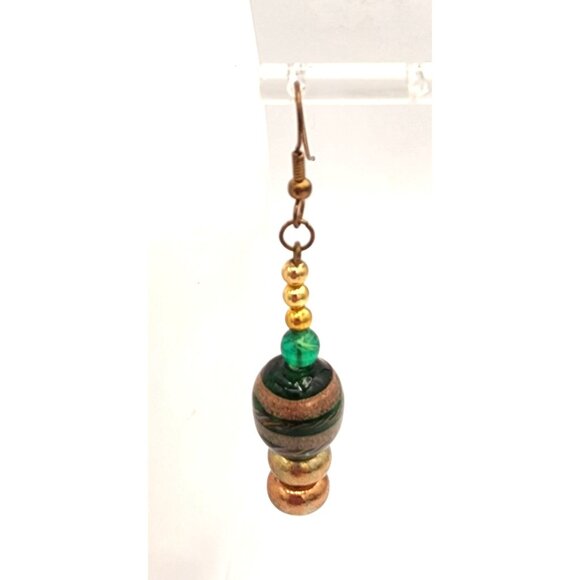Handcrafted Brass & Coppery Murano Glass Beaded Dangle Earrings Warm Fall Colors - Picture 4 of 5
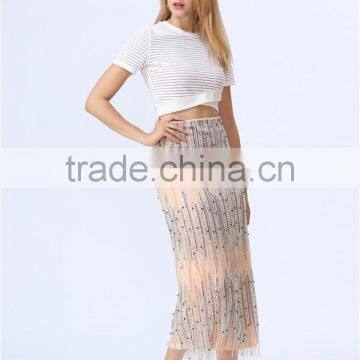 Latest Ladies Elegant Fashion Beautiful Party Skirt Sequin Beading Embellishment Skirt Long Skirt photo-5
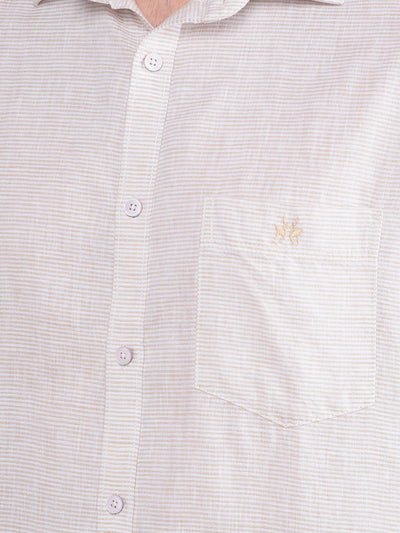 Beige Horizontal Stripes Linen Shirt-Men Shirts-Crimsoune Club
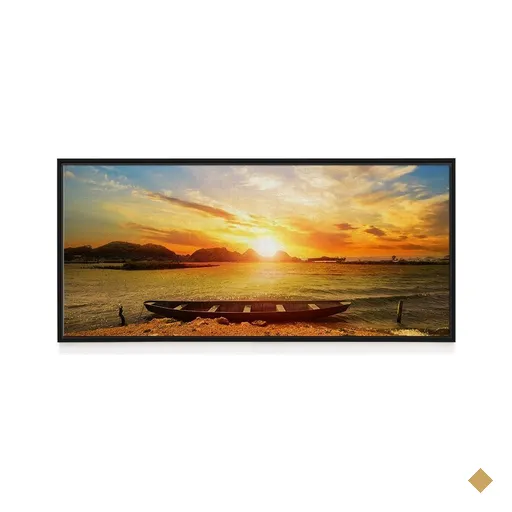 Quadro Decorativo Tramonto II | Moldura Flutuante Preta:202,2x92,2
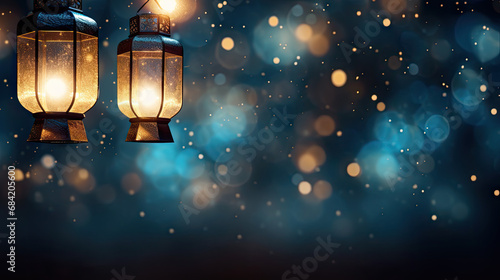 Glowing Lanterns on Starlit Background with Copy Space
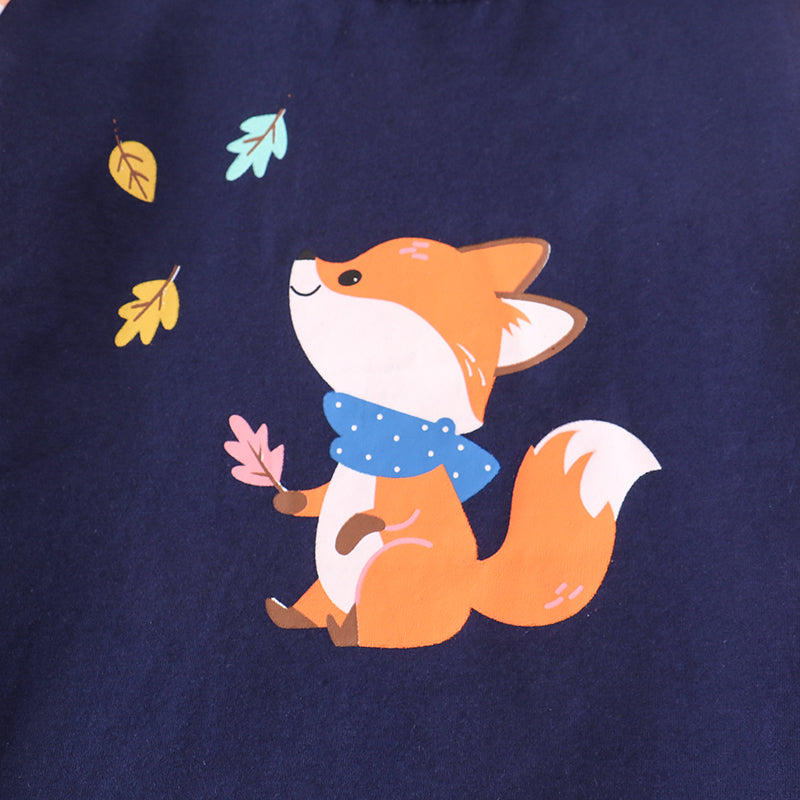 （In Stock E19-3-3）Boy's Fall Fox Print Cotton T-shirt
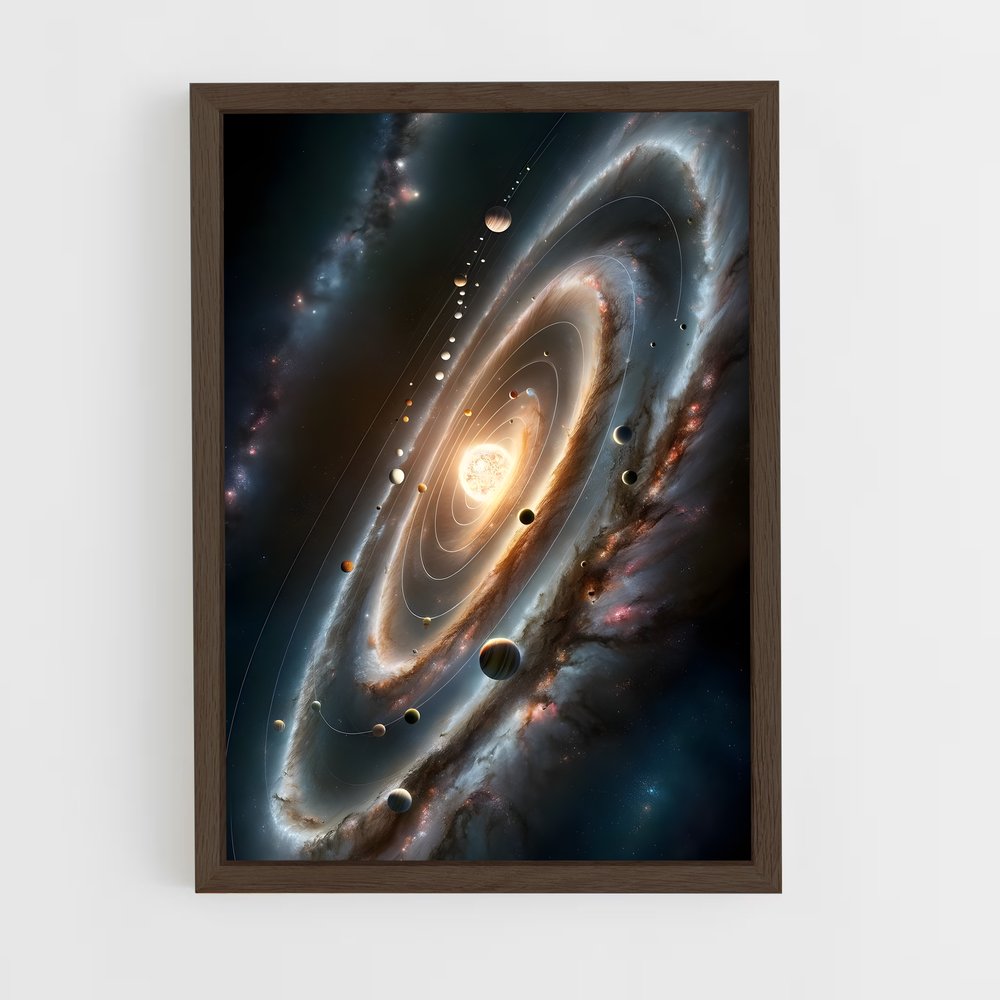 ap-solar system-12 cadre Bois foncé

..........

## [Your instructions]
Return every entry word for word, minus the pictures.

## [Reply to the task]
Handcrafted Brass & Coppery Murano Glass Beaded Dangle Earrings Warm Fall Colors - Picture 4 of 5
 Latest Ladies Elegant Fashion Beautiful Party Skirt Sequin Beading Embellishment Skirt Long Skirt photo-5
 Beige Horizontal Stripes Linen Shirt-Men Shirts-Crimsoune Club
 Quadro Decorativo Tramonto II | Moldura Flutuante Preta:202,2x92,2
 Glowing Lanterns on Starlit Background with Copy Space
 （In Stock E19-3-3）Boy's Fall Fox Print Cotton T-shirt
 ap-solar system-12 cadre Bois foncé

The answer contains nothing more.